The cumulative effect of these factors is described by one of the founder members of the VVG as follows:

Frustration, disempowerment and deterioration in morale have been common elements in the different people I have visited over three years, caused by the fact of detention, the impasses, delays, muddles and misrepresentations – deliberate or not – that are the day to day reality of nearly every individual case and the Home Office’s and judicial system’s response to it. Above all, there is the limbo of uncertainty about the length of detention, and the remoteness of contacts with those involved with their case. Immigration detention for alleged immigration irregularities is for administrative purposes, detainees who have committed no crimes are humiliated by being effectively imprisoned, those who have committed crimes have already served their time and are still not free.

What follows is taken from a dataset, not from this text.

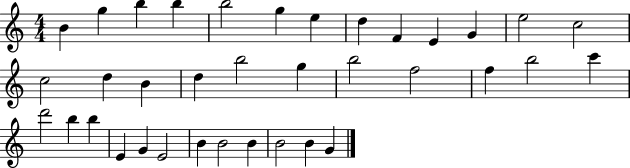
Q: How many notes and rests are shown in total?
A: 36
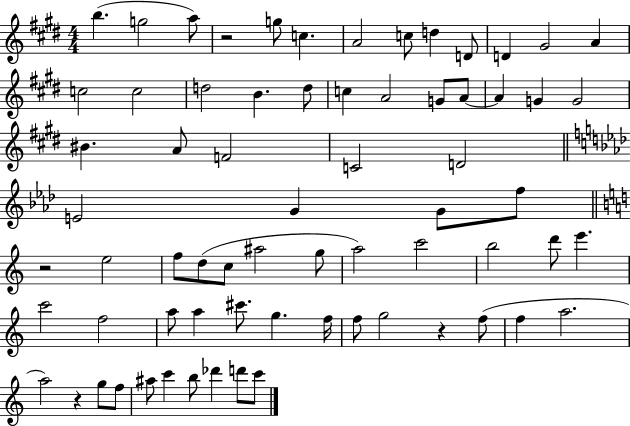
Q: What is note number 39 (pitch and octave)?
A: G5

The complementary activity of our group has been to challenge the prevailing attitudes about immigration and detention in the local Dorset community. Part of this has always been just to talk to friends, local colleagues, in the pub, about immigration detention and why we have chosen to be visitors. Our widely shared experience of this is meeting initial incredulity, especially around indefinite administrative detention –“Surely the government can’t do that!” This kind of conversation at least provides a starting point; on a more organised level, our public meeting in Dorchester on ‘Stolen Lives’ in February this year,  where Giles Fraser from the Guardian spoke,  attracted a standing room only audience.  This demonstrates that despite the challenges, there is potential for change. As another of our visitors has pointed out, it is essential to get across the message that:

People don’t fit neatly into boxes. They are always more than a failed asylum seeker, a visa overstayer, a foreign national prisoner, sometimes they are two or three of those at the same time. I have met many ‘foreigners’ who were not so foreign at all, having spent most of their live in the UK, people whose asylum application kept being refused only to be accepted after years of suffering. Students who had to stay after the visa expired because they were afraid to go back. All those categories are blurry. They are not just migrants, they have families, they are loved, they are full of memories and sometimes regrets, some experienced suffering or homelessness, some are victims of torture and abuse, some of them are ill, some are great story tellers, some become friends.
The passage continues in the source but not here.